What is collaborative law?The collaborative family law process is a way of dealing with family disputes with a view to avoiding contested and upsetting court proceedings. Each person appoints their own lawyer but instead of conducting negotiations between you and your partner by letter or phone you meet together to work things out face to face.
Each of you will have your lawyer by your side throughout the entire process and therefore you will benefit from legal advice throughout. The aim of collaborative law is to resolve family disputes to enable both parties to move on with their lives in a positive way for the benefit not only of the parties but the children.
How does the collaborative process work?You’ve both met with your respective lawyers, discussed the different options and processes available and decided that the collaborative process is for you. What can you expect to happen next?
You will both meet individually with your separate lawyers to talk about what to expect in the collaborative meetings which are usually referred to as 'four way' meetings as they are meetings between the four of you - you and your partner and your respective lawyers. You and your lawyer will discuss what you both need to do in order to prepare for the first 'four way' meeting.
Your lawyer and your partner’s lawyer will speak to each other either face to face or over the phone in order to plan for your first meeting and decide on the venue for the first meeting.
The first four way meeting:At the first four way meeting the lawyers will make sure that you both understand that you are making a commitment to working out an agreement without going to court all four sign an agreement to this effect.
You and your partner will be invited to share your own objectives in choosing this process and you will all plan the agenda for the next meeting. This will depend on your own individual circumstances but might typically include a discussion about how the children are responding to the separation.

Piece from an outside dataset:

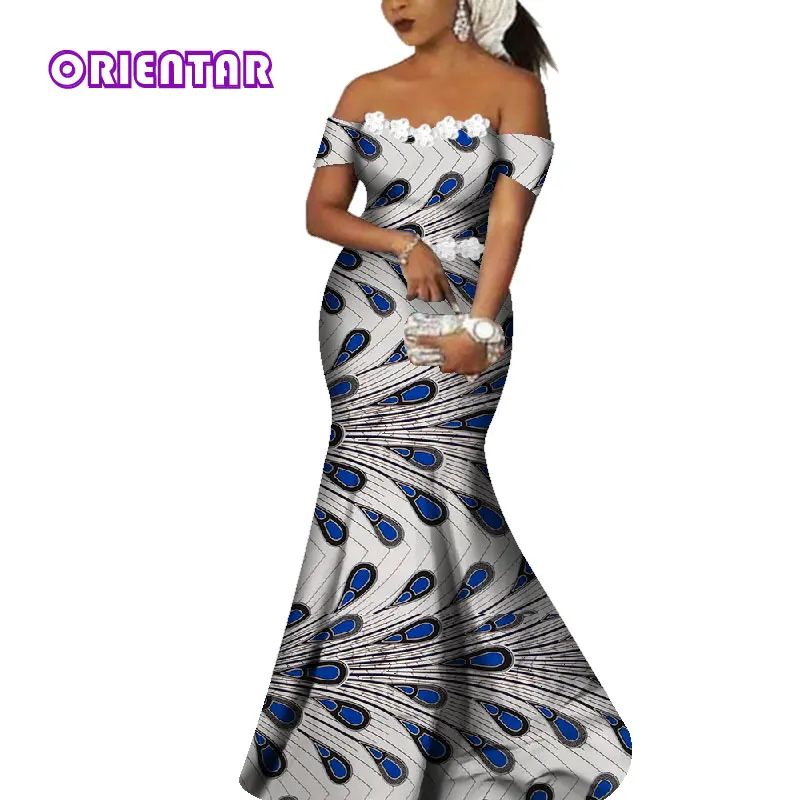 Элегантное женское платье в африканском стиле с принтом из хлопка с белыми цветами, женское вечернее платье макси без бретелек, Анкара, длинные платья WY4365 - Цвет: 1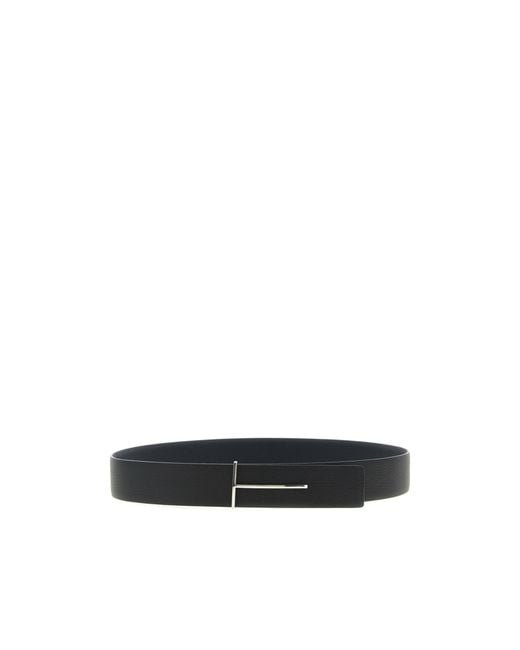 Tom Ford White 'Slim T' Double-Sided Belt for men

If time permits you may also go on to discuss how financial information will be shared and agree on who will bring what financial information to the next meeting.

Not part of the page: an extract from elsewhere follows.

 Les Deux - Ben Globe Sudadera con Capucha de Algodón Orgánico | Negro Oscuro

Subsequent four way meetings:Subsequent meetings will deal with you and your partner’s particular priorities and concerns. You might, for instance, look at involving other professionals such as specialists in pensions and financial planning or people trained to assist children in understanding and coping with the changes that your divorce or separation will bring to their lives. The meetings will enable you to reach agreement on how the finances will be shared or what arrangements need to be made for any children.
The final meeting:In the final meeting documents detailing the agreements you have reached will be signed and your lawyers will talk you through anything else that needs to be done in order to implement those agreements. Sometimes a firm timetable for implementation will not be possible, for instance, if the family house needs to be sold.

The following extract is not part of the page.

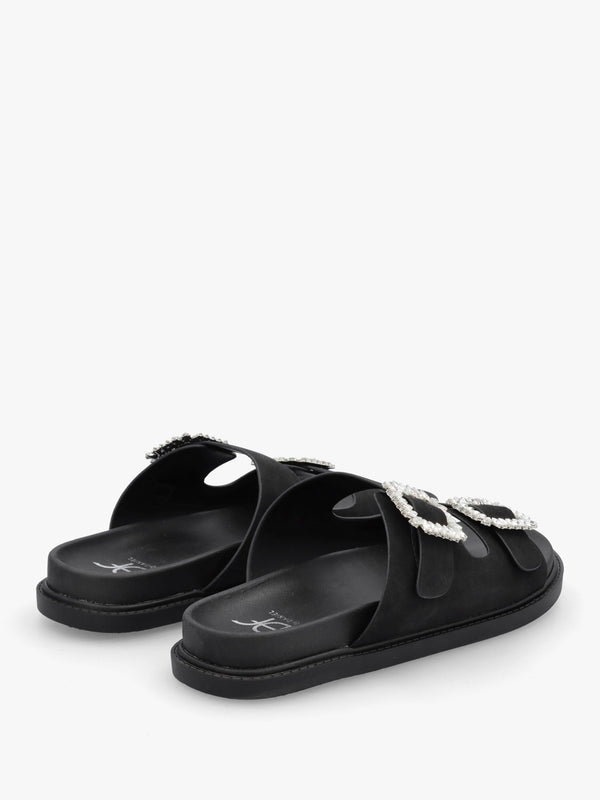 Yazzy Black Suedette Jewel Buckle Mule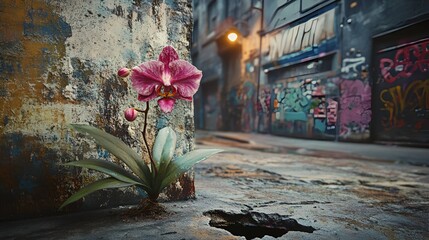 Orchid blooming in an urban alley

How long does the collaborative process take?One of the benefits of the collaborative process is that it’s not driven by a timetable imposed by the court. So to a large extent the process can be built around your family’s individual timetable and priorities.
Clearly, Collaborative Law is not suitable for every couple and is amongst a range of options available to separating couples, including mediation, out of court negotiation through solicitors and the court process. If the collaborative process breaks down, each partner needs to find an alternative solicitor, so it is very important that we meet with you to assess the benefits and risks before the process begins.
Eleanor Benfield is a Resolution trained collaborative lawyer.
‘I chose Edward Hayes solicitors to represent me in the collaborative process as they had the correct qualifications. This is a fairly new process and not all family law firm departments have solicitors trained to the required level. Eleanor Benfield, once she was collaborative, and no longer adversarial, created an air of ease and reassurance. She worked with my wife's solicitor in manner that was hard to distinguish that he wasn't actually a colleague from the same firm, but rather someone she worked closely with to deliver a dual solution. She was in fact doing so with my best intentions, putting ideas that hadn't even occurred to me as well as listening to any requests I made and implementing them in the final consent order. All in all, I feel that Eleanor got me through a challenging time, creating a future for me that I am actually excited about, rather than the life I envisaged (which included a one bedroom bedsit!!!) before meeting Eleanor and engaging in the collaborative process.’